*What is required*.
Your output should match the listing below word for word, without any images.

*Information shown*.
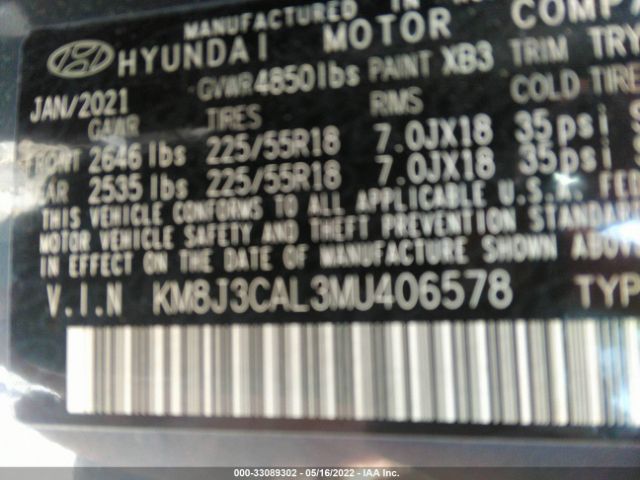 Photo 8 VIN: KM8J3CAL3MU406578 - HYUNDAI TUCSON 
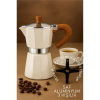 BFS  Italyan Moka Pot - 6061 Saf Alüminyum  Ahşap Saplı - 3 kişilik KREM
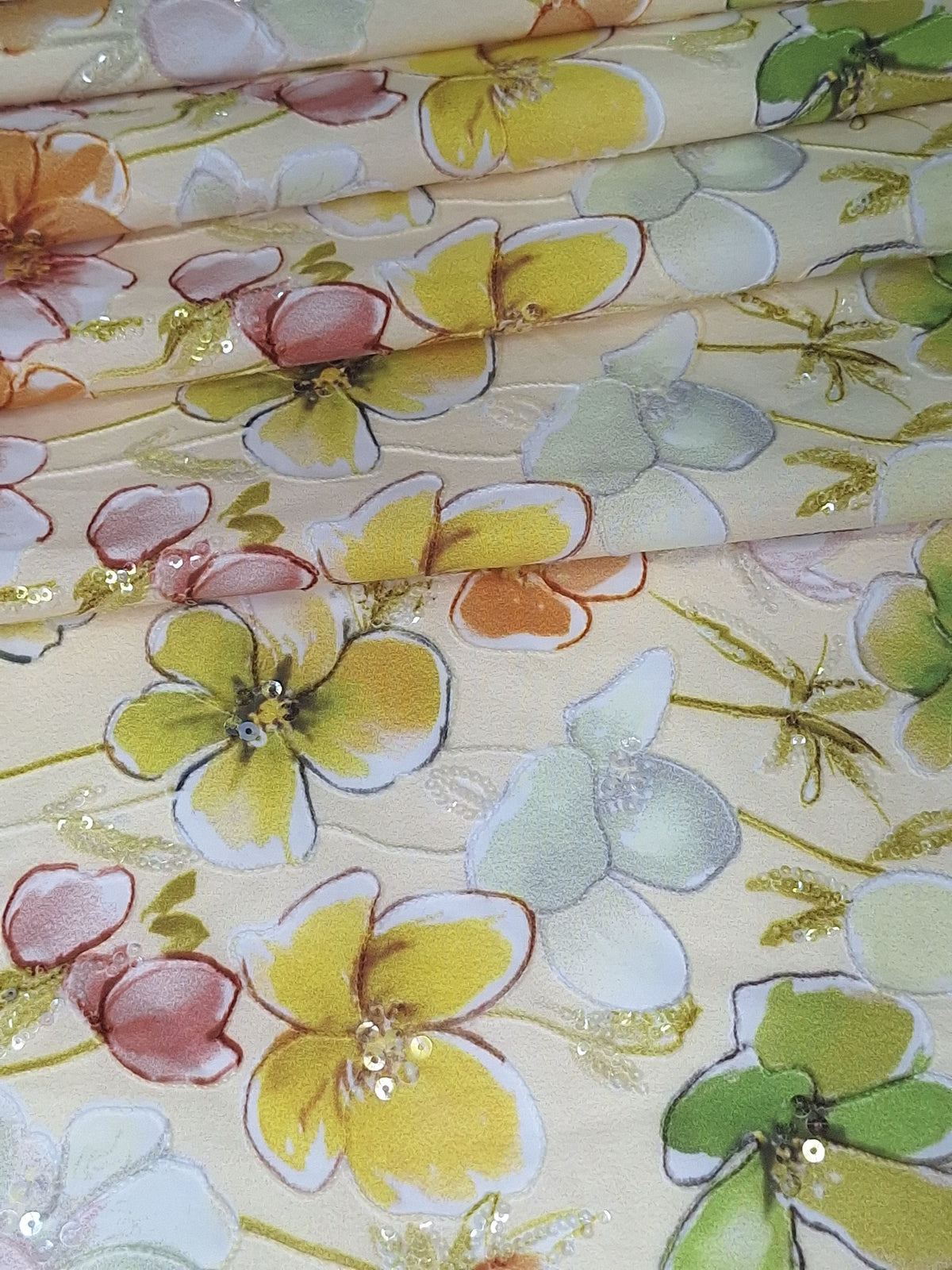 Tul bordado color amarillo H225 — Palacio Glamour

*Answer to this problem*.
 Photo 8 VIN: KM8J3CAL3MU406578 - HYUNDAI TUCSON 
 BFS  Italyan Moka Pot - 6061 Saf Alüminyum  Ahşap Saplı - 3 kişilik KREM
 Tul bordado color amarillo H225 — Palacio Glamour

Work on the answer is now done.